Sześć płyt formacji z San Diego zapewniło As I Lay Dying miejsce w czołówce metalcore'owej sceny. Kariera grupy załamała się jednak w maju 2013 r.
Wówczas policja zatrzymała wokalistę Tima Lambesisa w San Diego. Funkcjonariusze zostali poinformowani o tym, że mężczyzna poszukuje płatnego mordercy, żeby zabić swoją żonę - Meggan. Podstawiony detektyw otrzymał od wokalisty metalowej formacji 1000 dolarów zaliczki i dokładne instrukcje, jak dokonać morderstwa kobiety.
W lutym 2014 r. Lambesis przyznał się do winy, a trzy miesiące później usłyszał wyrok skazujący go na sześć lat pozbawienia wolności. Meggan w sądzie zeznała, że zachowanie jej ówczesnego męża (rozwiedli się pod koniec 2012 r.) "drastycznie" zmieniło się w ostatnich miesiącach przed zatrzymaniem go przez policję. Od wokalisty w cywilnym pozwie domagała się też 2 mln dolarów.
W grudniu 2016 r. Lambesis został warunkowo zwolniony z więzienia za dobre sprawowanie.
Tim Lambesis wielokrotnie kajał się za swój niegodziwy postępek.
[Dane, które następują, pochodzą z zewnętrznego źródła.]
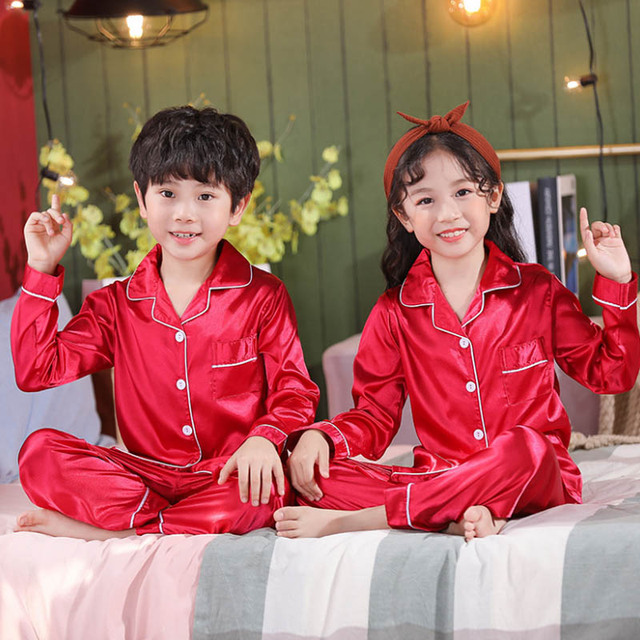 Silk Pajamas for Girls Boy Pajama Sets Summer Autumn Satin Long Sleeve Fashion Gray Pajama Toddler Kid Pajama Sleepwear Suit 3-14Y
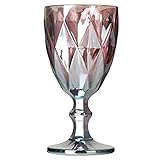SuDeLLong Rotweinkelch Mehrfarbig geschnitztes Glas Rotwein Saft Glas Champagnerglas Kelch Bar Restaurant Zuhause (Farbe: Rosa, Größe: 17 x 8,5 cm)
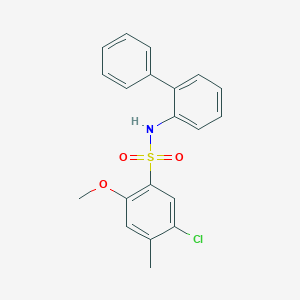 molecular formula C20H18ClNO3S B2719938 N-{[1,1'-biphenyl]-2-yl}-5-chloro-2-methoxy-4-methylbenzene-1-sulfonamide CAS No. 2379996-45-7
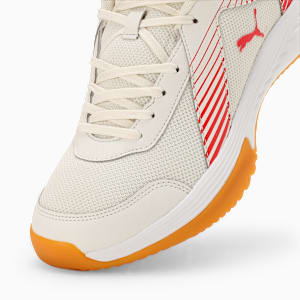 Badminton Smash Sprint Indoor Sports Shoes, Warm White-Chili Oil, extralarge-IND
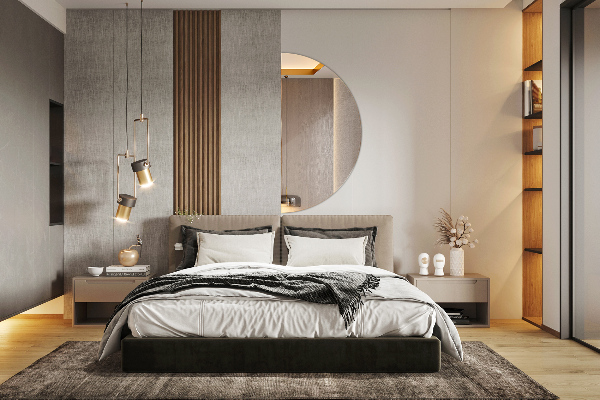 Ścienne lustro półokrągłe bez ramki 50x100 cm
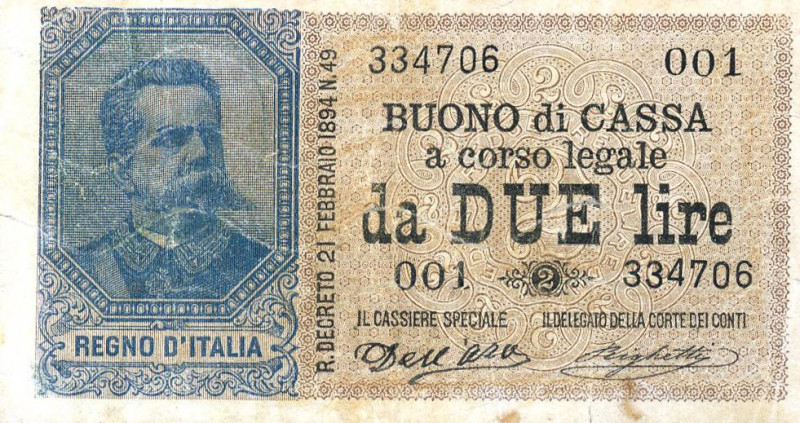 CARTAMONETA - BUONI DI CASSA - Umberto I (1878-1900) - 2 Lire 22/02/1894 - Serie...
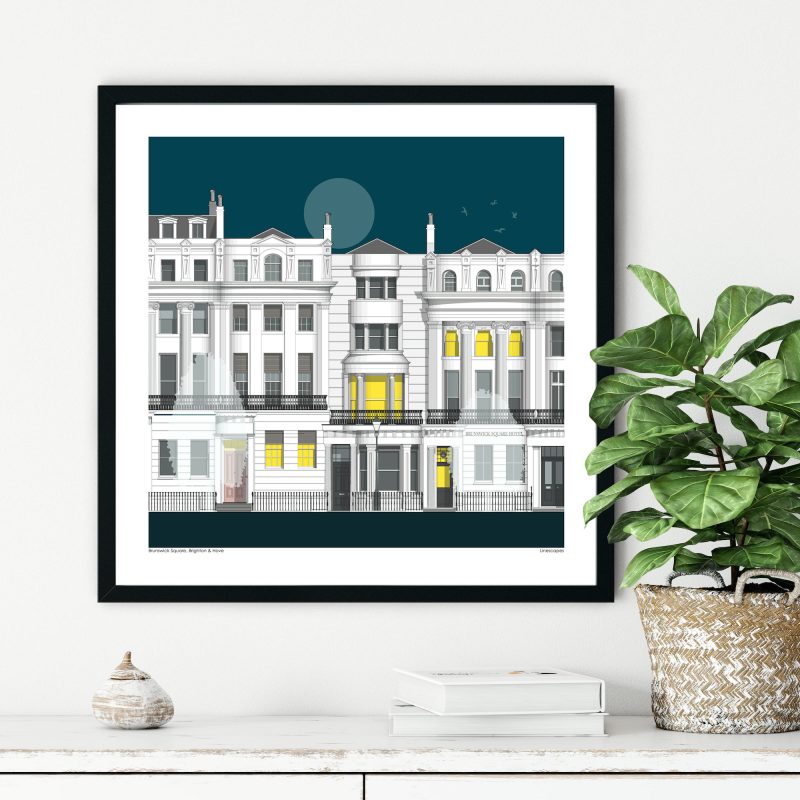 Open Edition Signed Giclee Print with image of Brunswick Square on a blue background
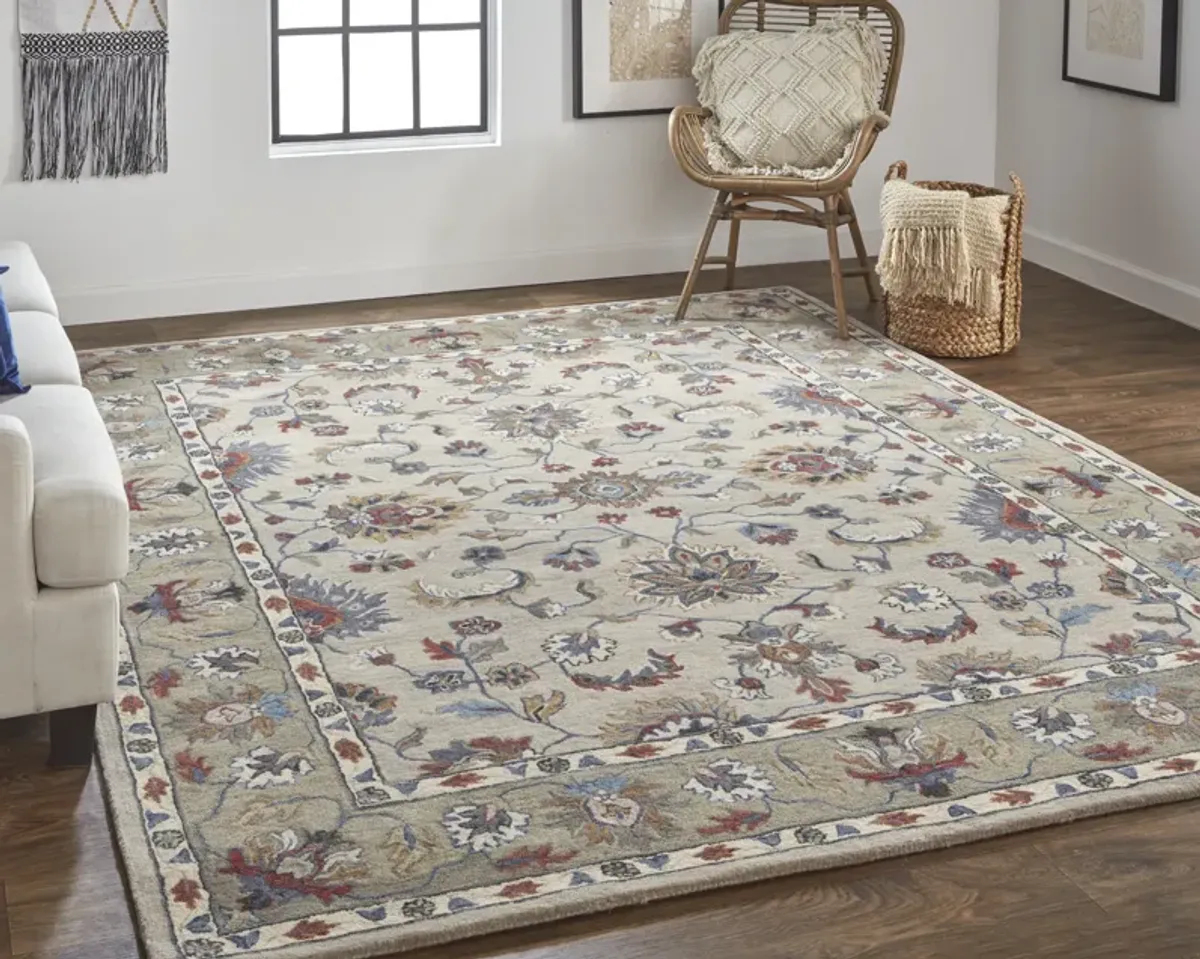 Rylan 8642F Ivory/Taupe/Blue 8' x 10' Rug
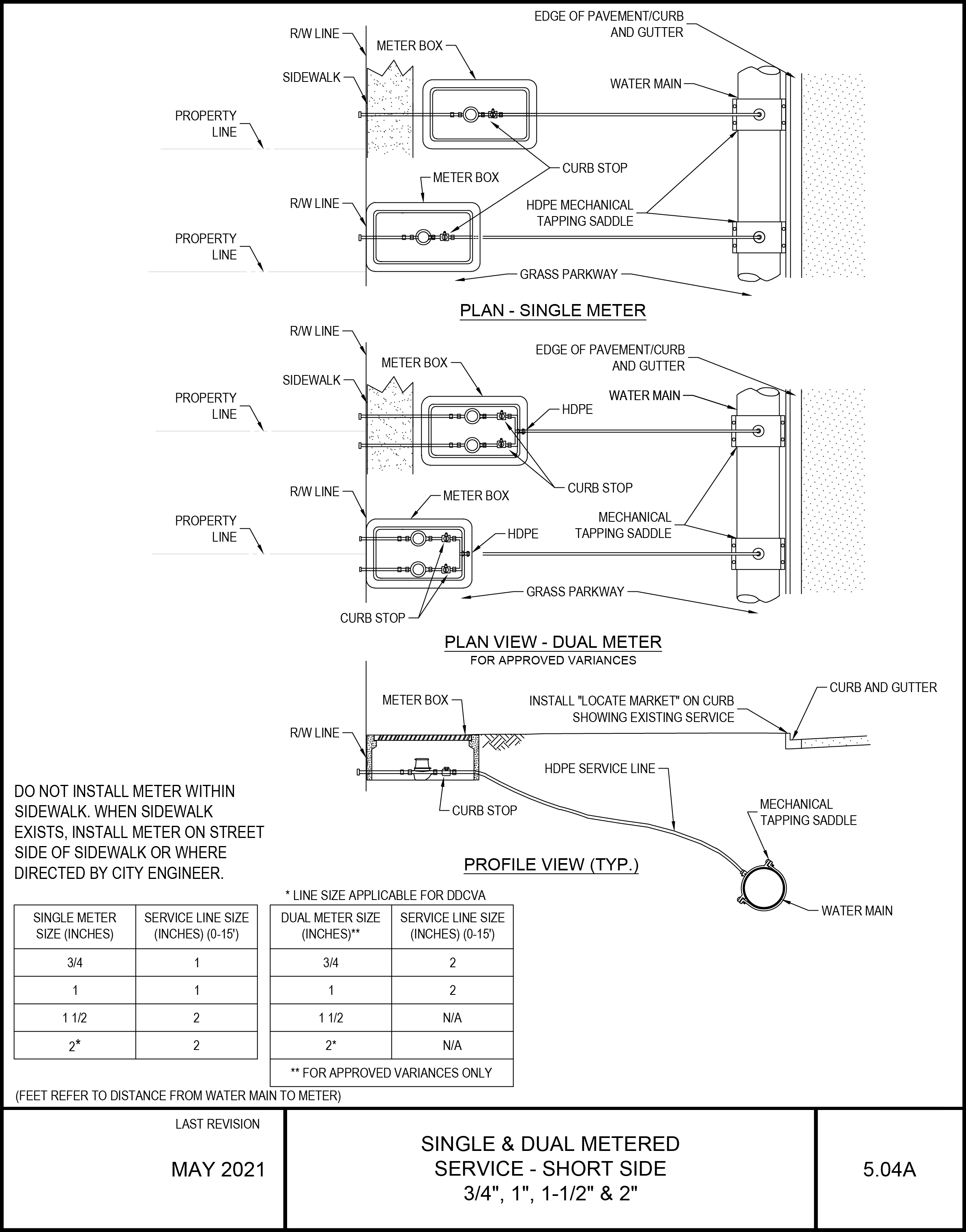 Technical drawing showing details of single and dual metered water service connections, including profile view and distance measurements.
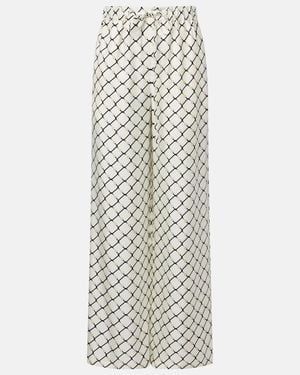 Gucci Horsebit Silk Twill Wide-Leg Pants - White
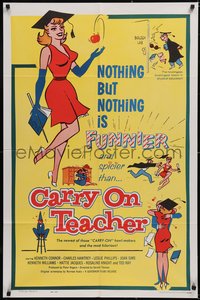 6t1055 CARRY ON TEACHER 1sh 1962 Kenneth Connor, Charles Hawtrey, English, sexy comic art!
Muzyk tłumaczył swoje zachowanie nadmiernym używaniem sterydów. Wokalista przepraszał też kolegów z zespołu za swoje zachowanie i usilnie próbował namówić ich na wspólne granie. Nie było to łatwe zadanie, bo nie wszyscy chcieli mieć z nim cokolwiek wspólnego. W międzyczasie Lambesis zaczął pisać nowe piosenki.
Mniej więcej na przełomie 2017 i 2018 roku Jordan Mancino (perkusja), Phil Sgrosso (gitara), Nick Hipa (gitara) oraz Josh Gilbert (gitara basowa, czysty wokal) postanowili dać mu szansę i przywrócili do zespołu. Pierwszym efektem współpracy był utwór "My Own Grave", swego rodzaju przyznanie się Tima do winy, zrozumienie swoich błędów, a także nadzieja na to, że przyszłość może przynieść mu jeszcze coś dobrego.
Pierwszy koncert po reaktywacji (16 czerwca w San Diego) wyprzedał się w zaledwie cztery minuty. Obecnie zespół pracuje nad nowym albumem.